Upstairs at the Soho Theatre, which provides a space for fringe productions to be staged in the middle of London, the one-man and two-women troupe from Dublin that calls itself Rough Magic is putting on a show that may, as the blurb puts it, be a “slice of 21st century Ireland”, but is really in the tradition of the English (indeed the Whitehall) farce.
Indeed, it is a bedroom farce. A sex-obsessed couple who cannot find in each other the “infinite variety” that Antony found so compelling in Cleopatra, decide that a threesome would put the sparkle back into their relationship. A scatty artist picked up at a night club is game for a one-night stand, which turns out to be pregnant with unexpected possibilities.
With a recommended ‘15½’ rating, this is not a show to take one’s children to during the school holidays. There is bad language, some simulated sex and – far more shocking – simulated giving of birth. There is also the more traditional stuff of farce, with far-fetched misunderstandings, unlikely coincidences, and much dodging and diving in order to avoid unwanted confrontations.
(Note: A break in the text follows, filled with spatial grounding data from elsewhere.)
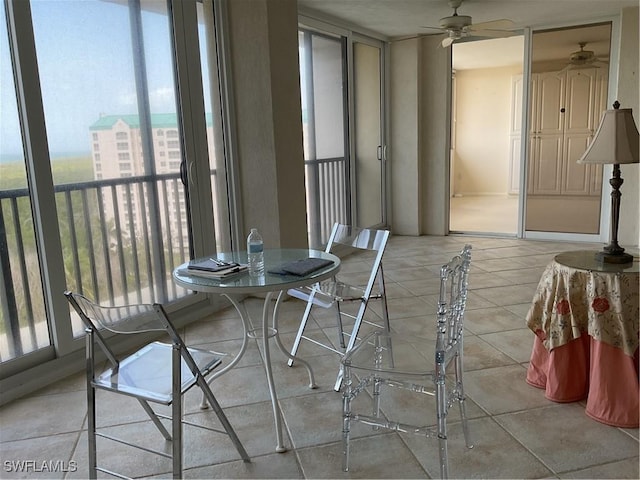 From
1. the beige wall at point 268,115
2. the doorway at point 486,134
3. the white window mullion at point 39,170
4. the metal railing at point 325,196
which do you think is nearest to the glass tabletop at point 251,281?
the white window mullion at point 39,170

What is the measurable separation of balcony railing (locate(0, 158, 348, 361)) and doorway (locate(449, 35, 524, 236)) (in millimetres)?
5691

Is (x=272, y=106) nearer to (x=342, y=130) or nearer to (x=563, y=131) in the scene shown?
(x=342, y=130)

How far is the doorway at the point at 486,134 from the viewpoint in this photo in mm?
8828

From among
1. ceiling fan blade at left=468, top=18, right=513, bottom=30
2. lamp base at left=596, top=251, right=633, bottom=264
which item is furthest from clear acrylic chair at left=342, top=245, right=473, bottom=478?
ceiling fan blade at left=468, top=18, right=513, bottom=30

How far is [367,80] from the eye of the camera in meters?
5.88

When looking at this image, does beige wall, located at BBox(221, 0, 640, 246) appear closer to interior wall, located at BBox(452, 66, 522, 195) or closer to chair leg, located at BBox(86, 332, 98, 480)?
chair leg, located at BBox(86, 332, 98, 480)

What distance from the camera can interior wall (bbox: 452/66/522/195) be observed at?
30.0 feet

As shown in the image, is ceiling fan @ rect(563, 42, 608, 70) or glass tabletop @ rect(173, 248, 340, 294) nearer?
glass tabletop @ rect(173, 248, 340, 294)

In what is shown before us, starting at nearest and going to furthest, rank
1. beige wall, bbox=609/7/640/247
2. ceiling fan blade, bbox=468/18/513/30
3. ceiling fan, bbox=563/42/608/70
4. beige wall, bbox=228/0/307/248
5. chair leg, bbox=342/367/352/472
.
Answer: chair leg, bbox=342/367/352/472
beige wall, bbox=228/0/307/248
ceiling fan blade, bbox=468/18/513/30
beige wall, bbox=609/7/640/247
ceiling fan, bbox=563/42/608/70

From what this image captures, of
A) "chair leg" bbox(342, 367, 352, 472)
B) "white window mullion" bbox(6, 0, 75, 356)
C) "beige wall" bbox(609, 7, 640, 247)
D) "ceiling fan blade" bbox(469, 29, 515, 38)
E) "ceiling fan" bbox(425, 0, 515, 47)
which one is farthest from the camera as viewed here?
"beige wall" bbox(609, 7, 640, 247)

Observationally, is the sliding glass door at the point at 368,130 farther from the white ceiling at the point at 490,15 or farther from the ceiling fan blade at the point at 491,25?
the ceiling fan blade at the point at 491,25

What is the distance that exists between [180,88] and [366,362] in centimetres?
240

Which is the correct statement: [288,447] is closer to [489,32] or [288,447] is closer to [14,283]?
[14,283]

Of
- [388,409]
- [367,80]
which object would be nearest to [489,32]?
[367,80] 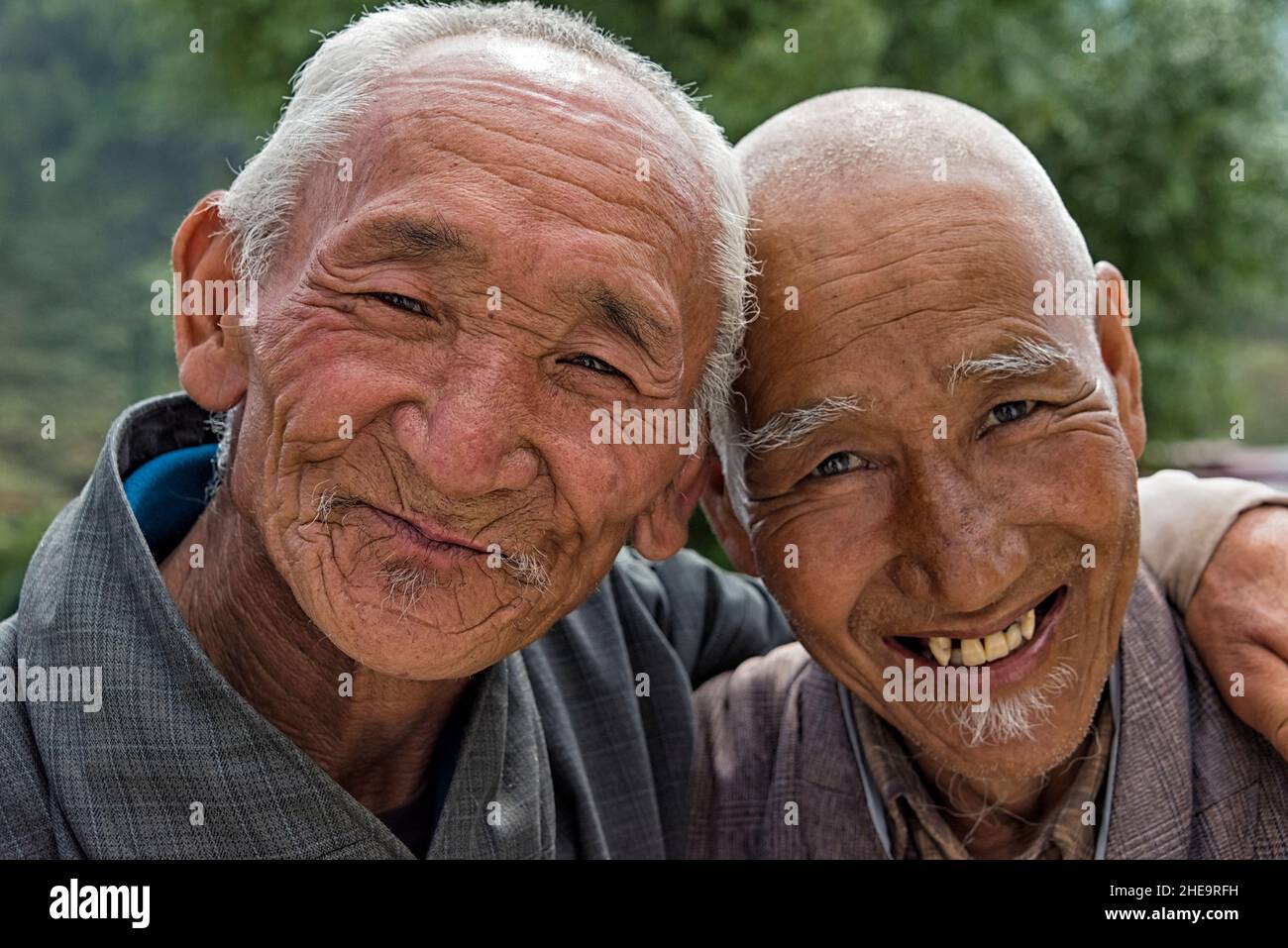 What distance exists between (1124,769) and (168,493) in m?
1.89

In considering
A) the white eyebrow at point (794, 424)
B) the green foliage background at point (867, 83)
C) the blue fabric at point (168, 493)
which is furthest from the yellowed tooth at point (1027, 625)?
the green foliage background at point (867, 83)

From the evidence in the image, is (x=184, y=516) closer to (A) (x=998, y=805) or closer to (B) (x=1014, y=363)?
(B) (x=1014, y=363)

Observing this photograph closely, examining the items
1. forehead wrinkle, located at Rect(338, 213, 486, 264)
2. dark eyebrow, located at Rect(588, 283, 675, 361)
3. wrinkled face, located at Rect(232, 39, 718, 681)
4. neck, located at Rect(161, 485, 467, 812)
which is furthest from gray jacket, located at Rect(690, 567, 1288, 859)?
forehead wrinkle, located at Rect(338, 213, 486, 264)

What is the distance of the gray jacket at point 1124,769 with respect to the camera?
7.83 feet

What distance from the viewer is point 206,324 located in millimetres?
2297

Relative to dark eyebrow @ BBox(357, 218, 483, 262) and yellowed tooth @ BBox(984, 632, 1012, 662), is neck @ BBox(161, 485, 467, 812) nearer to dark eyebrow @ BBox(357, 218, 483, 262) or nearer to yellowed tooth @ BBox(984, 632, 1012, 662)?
dark eyebrow @ BBox(357, 218, 483, 262)

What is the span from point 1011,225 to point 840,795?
3.72ft

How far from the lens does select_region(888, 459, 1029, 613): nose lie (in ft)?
7.38

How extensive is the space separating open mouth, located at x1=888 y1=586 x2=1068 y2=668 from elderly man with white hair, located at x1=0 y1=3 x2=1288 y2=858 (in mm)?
515

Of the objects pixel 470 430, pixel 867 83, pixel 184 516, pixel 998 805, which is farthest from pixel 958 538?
pixel 867 83

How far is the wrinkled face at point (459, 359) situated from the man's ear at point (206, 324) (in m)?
0.12

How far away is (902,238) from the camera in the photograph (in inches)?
92.4

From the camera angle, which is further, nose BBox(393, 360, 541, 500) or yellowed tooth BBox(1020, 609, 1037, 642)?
yellowed tooth BBox(1020, 609, 1037, 642)

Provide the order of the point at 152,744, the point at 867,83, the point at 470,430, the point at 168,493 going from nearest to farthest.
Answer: the point at 470,430, the point at 152,744, the point at 168,493, the point at 867,83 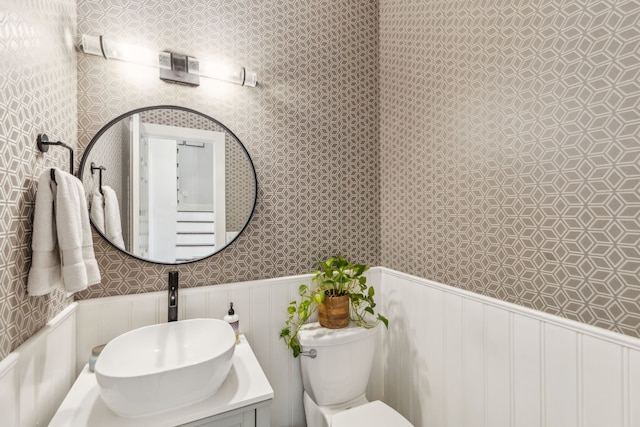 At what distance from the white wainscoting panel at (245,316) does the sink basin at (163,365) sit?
0.11 meters

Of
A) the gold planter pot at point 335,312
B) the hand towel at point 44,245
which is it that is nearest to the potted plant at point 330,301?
the gold planter pot at point 335,312

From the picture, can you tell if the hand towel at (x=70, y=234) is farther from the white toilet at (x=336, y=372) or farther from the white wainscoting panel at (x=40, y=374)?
the white toilet at (x=336, y=372)

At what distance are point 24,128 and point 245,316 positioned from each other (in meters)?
1.05

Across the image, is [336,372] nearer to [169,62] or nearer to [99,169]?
[99,169]

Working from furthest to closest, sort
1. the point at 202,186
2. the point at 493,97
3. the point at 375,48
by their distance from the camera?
the point at 375,48
the point at 202,186
the point at 493,97

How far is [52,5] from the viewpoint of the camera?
976mm

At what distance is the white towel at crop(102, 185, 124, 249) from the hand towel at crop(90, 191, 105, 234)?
13mm

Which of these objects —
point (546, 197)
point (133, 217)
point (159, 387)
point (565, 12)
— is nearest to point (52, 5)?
point (133, 217)

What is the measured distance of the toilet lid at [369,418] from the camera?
1265 mm

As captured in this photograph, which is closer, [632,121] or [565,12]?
[632,121]

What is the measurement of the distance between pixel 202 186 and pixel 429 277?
115 centimetres

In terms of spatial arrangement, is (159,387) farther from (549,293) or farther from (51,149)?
(549,293)

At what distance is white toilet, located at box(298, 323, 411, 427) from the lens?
1384 mm

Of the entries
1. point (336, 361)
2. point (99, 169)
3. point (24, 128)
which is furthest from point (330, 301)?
point (24, 128) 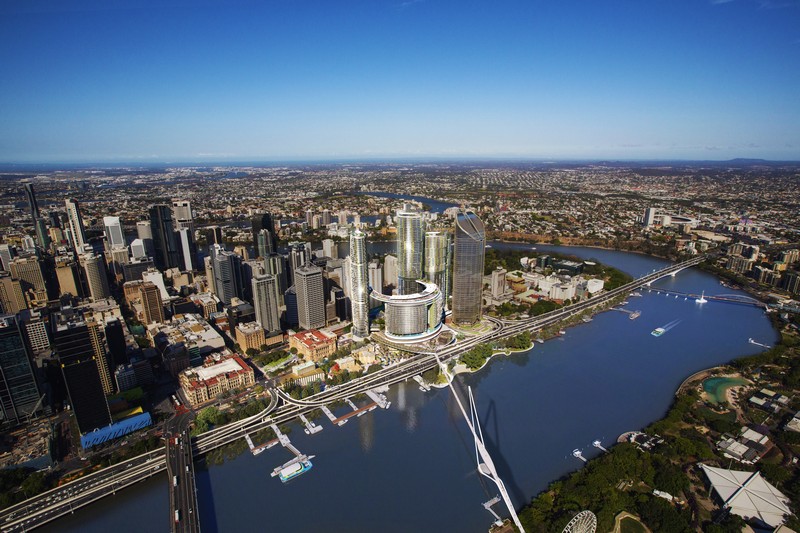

A novel conceit, however, is the male protagonist’s profession. He is a statistician, which is the excuse for his making a series of hilarious calculations about the statistical probability of the unlikely events which are happening around him.
Rough Magic, with little in the way of props, are able to conjure up the missing scenes in a way that would have impressed Prospero, and were greeted tonight with a well-deserved tempest of applause at the end of their frenetic (and farcical) performance.